You can do the conversion inline or use bind. Neither is particularly pretty, but they get the job done:

CallFunc(id, param, std::function<void(unsigned, unsigned)>(DoSomething));

CallFunc(id, param, std::bind(DoSomething, std::placeholders::_1, std::placeholders::_2));

If you are using templates, you can avoid std::function entirely, unless for some reason you want to specifically restrict the function to take std::function:

template < typename Ident, typename Param, typename Func >
void CallFunc( Ident ident, Param param, Func op )
{
    op( ident, param );
}

You need to make the third function parameter a non-deduced context for the template parameters therein.

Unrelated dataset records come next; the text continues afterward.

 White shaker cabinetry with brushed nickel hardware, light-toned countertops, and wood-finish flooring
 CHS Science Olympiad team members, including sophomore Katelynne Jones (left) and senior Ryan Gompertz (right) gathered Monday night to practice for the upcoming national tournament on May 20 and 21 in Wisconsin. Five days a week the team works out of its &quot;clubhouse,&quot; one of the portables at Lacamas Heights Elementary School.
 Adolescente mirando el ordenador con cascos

Then the compiler will not compare the argument type against the parameter type without also considering all implicit conversions (the Standard says, and C++0x clarified this further, that for a function parameter where there are no template parameters in deducing positions, all implicit conversions are allowed in bridging a difference).

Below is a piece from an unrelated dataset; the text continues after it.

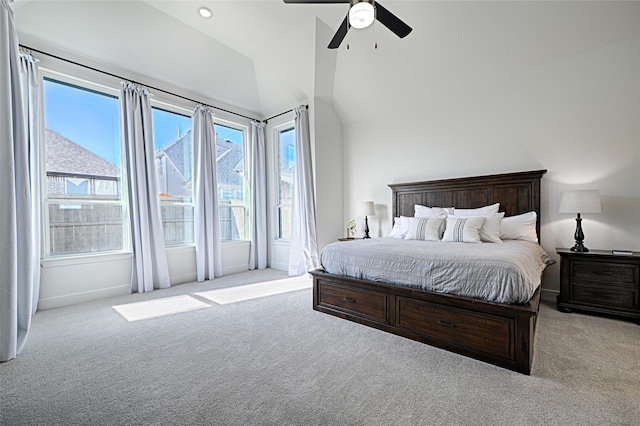 bedroom featuring ceiling fan, light colored carpet, multiple windows, and lofted ceiling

template < typename T > struct id { typedef T type; };

template < typename Ident, typename Param >
void CallFunc( Ident ident, Param param, 
               typename id<std::function< void ( Ident, Param ) >>::type op )
{
    op( ident, param );
}

Instead of id you can use boost::identity. In C++0x and compilers that support it, you can have a more readable edition using alias templates

template < typename T > using nondeduced = typename id<T>::type;

Then your code becomes simply

template < typename Ident, typename Param >
void CallFunc( Ident ident, Param param, 
               std::function< nondeduced<void ( Ident, Param )> > op )
{
    op( ident, param );
}

However GCC does not yet support alias templates.